The clueless “chaebol sniper”

Kim Sang-yo: almost as tough and scary as Kim Novak

On December 18, the Korea Herald published the most extensive interview we’ve seen yet with Kim Sang-jo, who was appointed to a three-year term as head of South Korea’s Fair Trade Commission in June 2017 and who, tasked with reining in the power of the chaebols – the family-run conglomerates that are at once the engines of that country’s economy and the greatest hindrances to its growth – calls himself the “chaebol hunter.” Shin Ji-hye, the Herald’s reporter, maintained that Kim had made some progress, proposing key revisions to the Fair Trade Act that were approved by the Cabinet in November and await ratification by the National Assembly. Shin also sought to portray Kim as a sympathetic man in the middle, criticized from both sides, one of which assails him for failing to bring about promised reforms and the other of which accuses him of going too far in his purported war on the chaebols.

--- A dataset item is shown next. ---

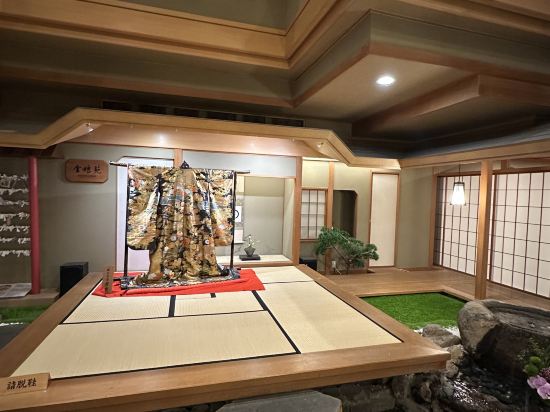 日勝生加賀屋國際溫泉飯店優惠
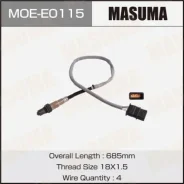 ������ ��������-��������� ����� Masuma, BMW 1-Series (F20) / N55B30A MOE-E0115 MOEE0115 ����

Hyundai headquarters, Seoul

In the interview, Kim also sought to depict himself as a man of balance – a “reasonable reformist,” who appreciates the value of the chaebols to South Korea and who seeks not to blunt their economic impact, let alone destroy them, but to make them competitive. In fact, it turns out that Kim no longer calls himself the “chaebol sniper” but, rather, wants to be known as an “evolutionary reformer” who “walk[s] the middle line.”

According to Kim, the key to proper chaebol reform, in Shin’s paraphrase, is “to put an end to ‘gapjil,’ unfair business practices employed by market monopolies, as well as undue inter-affiliate trading. Doing away with both is the main objective of the FTC’s proposed bills to amend the Fair Trade Act.”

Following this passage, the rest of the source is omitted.